The eagerly awaited planning application for the controversial city centre project has been submitted to Manchester City Council, with some alterations to materials used but no changes in height.
The submitted application for the Bootle Street site seeks permission for a 201-bedroom five-star hotel, 159 apartments, 138,000 sq ft of offices and 49,000 sq ft of retail and leisure across 15 units, including two new sky bars and restaurants. There are also three areas of public realm, and a new building for the Manchester Reform Synagogue.
Manchester City Council is development partner in the St Michael’s scheme, alongside former footballers Gary Neville and Ryan Giggs, and developer Brendan Flood, under the company name of Jackson’s Row Developments.
The mixed-use project off Albert Square was initially controversial due to plans to demolish all historic buildings on site, including the old police station, and Abercrombie pub. When detailed designs by Make Architects were revealed last July showing two black-clad towers of 21 and 31 storeys, criticism against the scheme grew due to its scale so close to civic buildings such as the Town Hall and Central Library.

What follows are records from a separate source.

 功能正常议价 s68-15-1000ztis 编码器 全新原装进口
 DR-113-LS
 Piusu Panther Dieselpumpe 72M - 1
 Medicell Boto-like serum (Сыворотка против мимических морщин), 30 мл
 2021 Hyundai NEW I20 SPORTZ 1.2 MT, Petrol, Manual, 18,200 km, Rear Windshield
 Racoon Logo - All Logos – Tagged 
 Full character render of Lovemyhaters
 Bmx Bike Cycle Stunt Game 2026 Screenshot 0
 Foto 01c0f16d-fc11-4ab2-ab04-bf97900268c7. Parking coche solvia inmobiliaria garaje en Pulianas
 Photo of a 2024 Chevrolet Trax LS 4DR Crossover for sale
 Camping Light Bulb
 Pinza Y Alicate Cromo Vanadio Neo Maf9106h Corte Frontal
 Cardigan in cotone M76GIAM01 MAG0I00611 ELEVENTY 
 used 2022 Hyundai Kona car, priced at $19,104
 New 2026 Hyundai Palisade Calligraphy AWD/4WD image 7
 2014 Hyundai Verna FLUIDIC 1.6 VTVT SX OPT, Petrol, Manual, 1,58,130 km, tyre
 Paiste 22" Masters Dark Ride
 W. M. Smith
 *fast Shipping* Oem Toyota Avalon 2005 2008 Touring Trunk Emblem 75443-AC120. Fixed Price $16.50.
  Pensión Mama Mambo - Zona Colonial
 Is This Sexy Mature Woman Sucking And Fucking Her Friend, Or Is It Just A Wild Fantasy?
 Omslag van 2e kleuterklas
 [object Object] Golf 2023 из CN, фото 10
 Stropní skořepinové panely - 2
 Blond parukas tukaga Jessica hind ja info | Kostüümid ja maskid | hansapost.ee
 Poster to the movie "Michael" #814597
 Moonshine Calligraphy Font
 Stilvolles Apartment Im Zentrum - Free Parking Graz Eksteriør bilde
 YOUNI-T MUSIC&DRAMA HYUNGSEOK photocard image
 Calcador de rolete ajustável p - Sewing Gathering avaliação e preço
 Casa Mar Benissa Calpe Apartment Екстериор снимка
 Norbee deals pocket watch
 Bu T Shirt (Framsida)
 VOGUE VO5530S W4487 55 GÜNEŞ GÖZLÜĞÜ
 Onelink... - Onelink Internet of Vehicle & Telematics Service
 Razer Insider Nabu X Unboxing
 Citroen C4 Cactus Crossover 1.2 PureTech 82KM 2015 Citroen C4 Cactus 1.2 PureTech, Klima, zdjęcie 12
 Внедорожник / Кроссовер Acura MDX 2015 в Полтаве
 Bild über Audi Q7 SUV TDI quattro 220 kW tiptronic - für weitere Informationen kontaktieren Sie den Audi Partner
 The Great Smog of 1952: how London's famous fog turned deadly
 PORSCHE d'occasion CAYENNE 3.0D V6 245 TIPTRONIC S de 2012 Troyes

Following a public consultation, the developers have made some changes to the project. The most significant is the appearance of the two towers. While no change has been made to height, which the developer maintains is necessary to ensure viability, the cladding has gone from black to anodised bronze. The additional cost of the cladding is estimated at £1m.
In addition, a narrow access route across the site from Bootle Street is proposed to increase permeability. The alley will be open all the time, which creates a potential crime risk, however Greater Manchester Police has been consulted prior to the application being submitted.
Gary Neville, director of Jackson’s Row Developments, said: “Having worked on this site for over ten years, it is extremely exciting to finally reach this milestone and submit the planning application for St. Michael’s. The scheme will transform an underused part of the city and will offer an incredible statement in architecture and development for Manchester.
“Ken Shuttleworth [of Make Architects] has a rich history in pushing boundaries and helping cities expand and evolve through architecture.”
Alongside Make, St Michael’s has appointed JM Architects to see the project through delivery stage. The development is funded by a £150m consortium deal with Singaporean-based Rowsley and Beijing Construction Engineering Group, who is also the contractor.
Talks are ongoing with two London-based five-star hotel operators.
Neville continued: “St. Michael’s has received significant coverage both locally and nationally. We have undertaken extensive public consultation and have taken on board comments wherever possible from Historic England, PlacesMatter! and the general public. The imagery we have issued today is the final proposal and our hope is to be on site by the end of summer 2017.”
The St Michael’s planning application was submitted by planning consultant, Zerum Consult.